World Population hits 8 BILLION & counting

World Population hits 8 BILLION & counting

by Zulfick Farzan 15-11-2022 | 10:07 AM

COLOMBO (News 1st) - Earth now has 8 billion people—and counting.

The global population is projected to reach 8 billion on 15th November 2022, and India is projected to surpass China as the world’s most populous country in 2023, according to World Population Prospects 2022.

From the emergence of Homo sapiens, it took roughly 300,000 years before one billion of us populated the Earth. That was around 1804, the year morphine was discovered, when Haiti declared independence from France, and when Beethoven first performed his Third Symphony in Vienna.

We’ve added our most recent one billion more just since the first term of U.S. President Barack Obama. A mere dozen years after reaching seven billion, the planet most surpassed eight billion people on 15th November.

The UN declared November 15th as the “Day of Eight Billion” because there is no mistaking the importance of this moment. 

The global population is growing at its slowest rate since 1950, having fallen under 1 per cent in 2020. 

The latest projections by the United Nations suggest that the world’s population could grow to around 8.5 billion in 2030 and 9.7 billion in 2050. 

It is projected to reach a peak of around 10.4 billion people during the 2080s and to remain at that level until 2100.

World Population Prospects 2022 also states that fertility has fallen markedly in recent decades for many countries. 

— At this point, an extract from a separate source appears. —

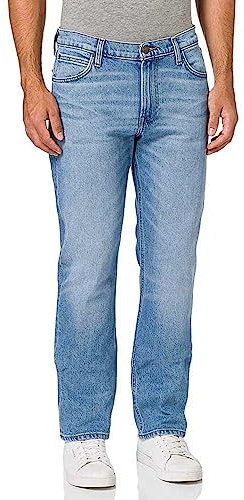 LEE Mens West Jeans, Worn New Hill, 33/30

Today, two-thirds of the global population lives in a country or area where lifetime fertility is below 2.1 births per woman, roughly the level required for zero growth in the long run for a population with low mortality. 

The populations of 61 countries or areas are projected to decrease by 1 per cent or more between 2022 and 2050, owing to sustained low levels of fertility and, in some cases, elevated rates of emigration.

More than half of the projected increase in the global population up to 2050 will be concentrated in eight countries: the Democratic Republic of the Congo, Egypt, Ethiopia, India, Nigeria, Pakistan, the Philippines and the United Republic of Tanzania. Countries of sub-Saharan Africa are expected to contribute more than half of the increase anticipated through 2050.

The share of global population at ages 65 and above is projected to rise from 10 per cent in 2022 to 16 per cent in 2050. At that point, it is expected that the number of persons aged 65 years or over worldwide will be more than twice the number of children under age 5 and about the same as the number under age 12. Countries with ageing populations should take steps to adapt public programmes to the growing numbers of older persons, including by establishing universal health care and long-term care systems and by improving the sustainability of social security and pension systems.